(Short text fragments from websites)
★ ★ ★

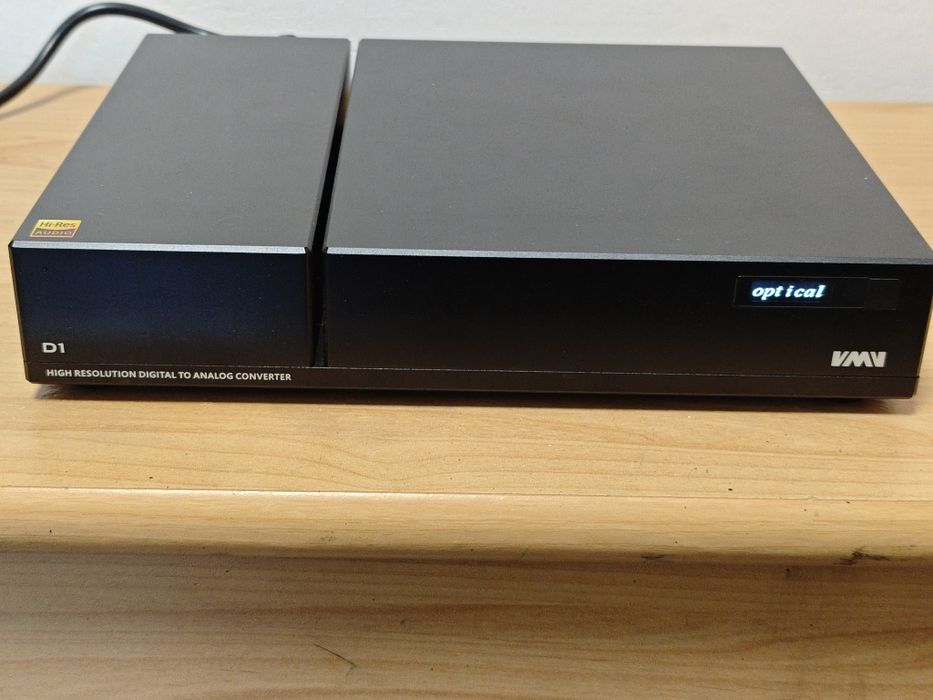 SMSL VMV D1 - High-End Deskop DAC 32Bit 768kHz DSD512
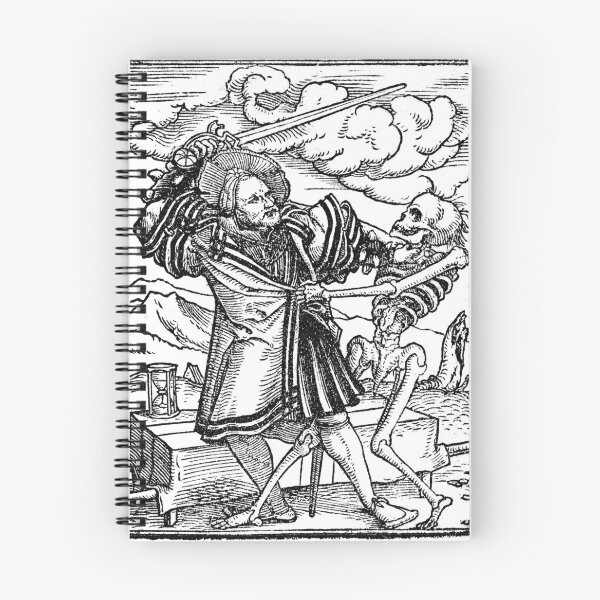 Item preview, Death and the Nobleman - Hans Holbein designed and sold by emovendo.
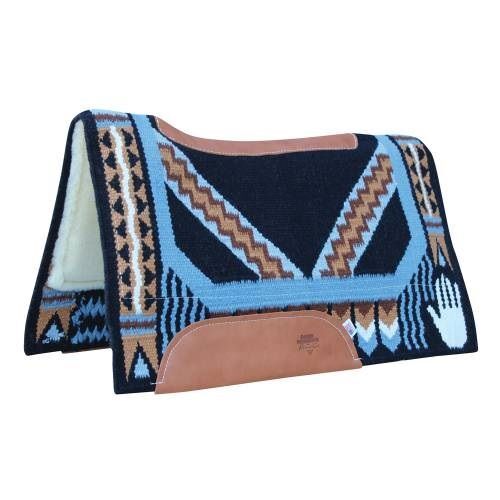 Professional's Choice Raven Good Medicine Comfort-Fit SMx Air Ride Pad: Hand to Horse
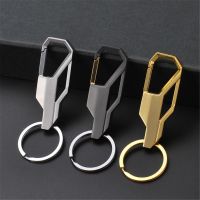 Metal Keychain New Mens Car Wallet Keyring Accessories Pendant Creative Practical Small Gift Zinc Alloy Classical Key Holder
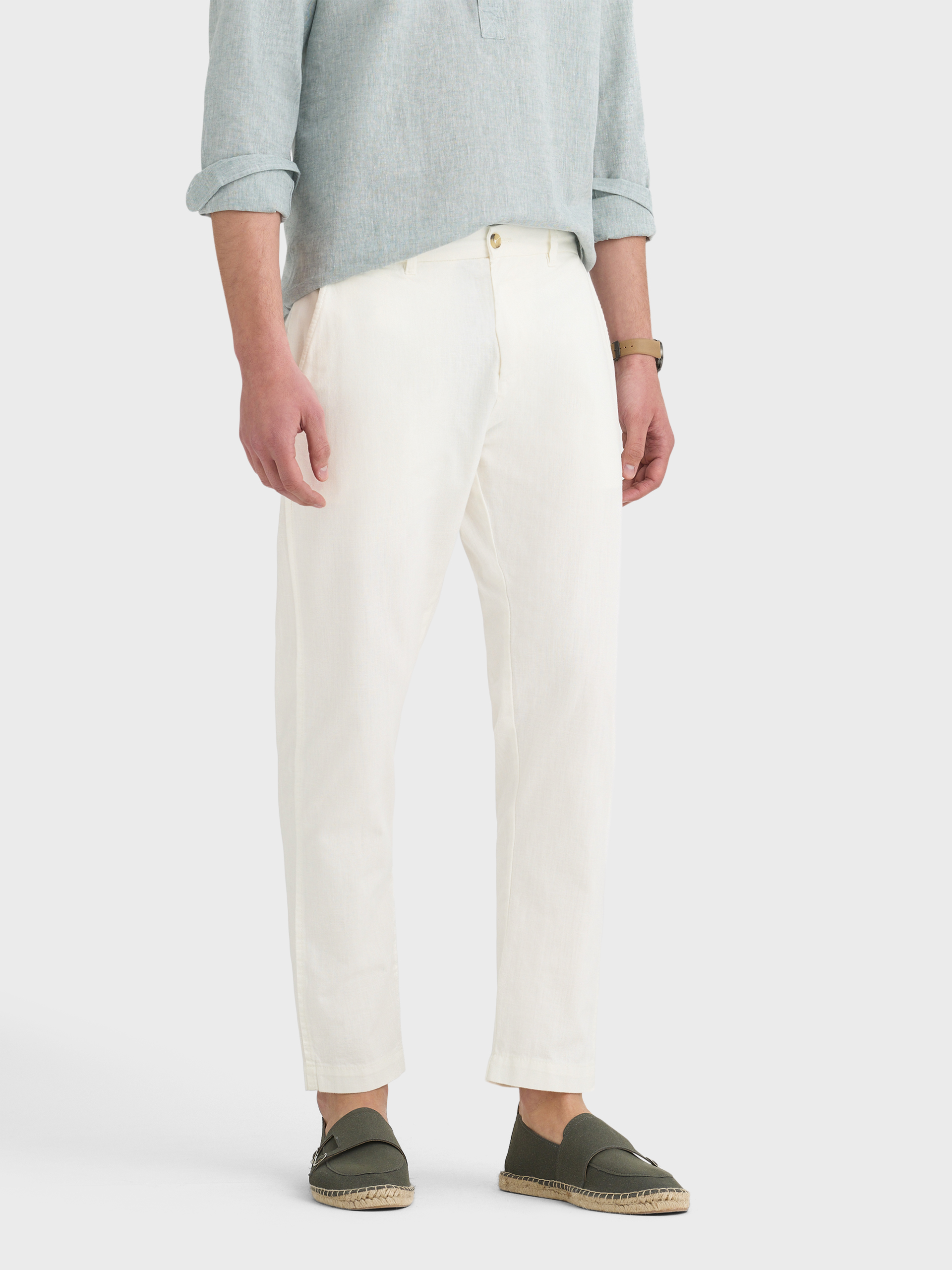 PANTALON MYKONOS BLANCO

★ ★ ★

Task:
Please return the entries above exactly as they appear, but without the pictures.

The completed task:
 SMSL VMV D1 - High-End Deskop DAC 32Bit 768kHz DSD512
 Item preview, Death and the Nobleman - Hans Holbein designed and sold by emovendo.
 Professional's Choice Raven Good Medicine Comfort-Fit SMx Air Ride Pad: Hand to Horse
 Metal Keychain New Mens Car Wallet Keyring Accessories Pendant Creative Practical Small Gift Zinc Alloy Classical Key Holder
 PANTALON MYKONOS BLANCO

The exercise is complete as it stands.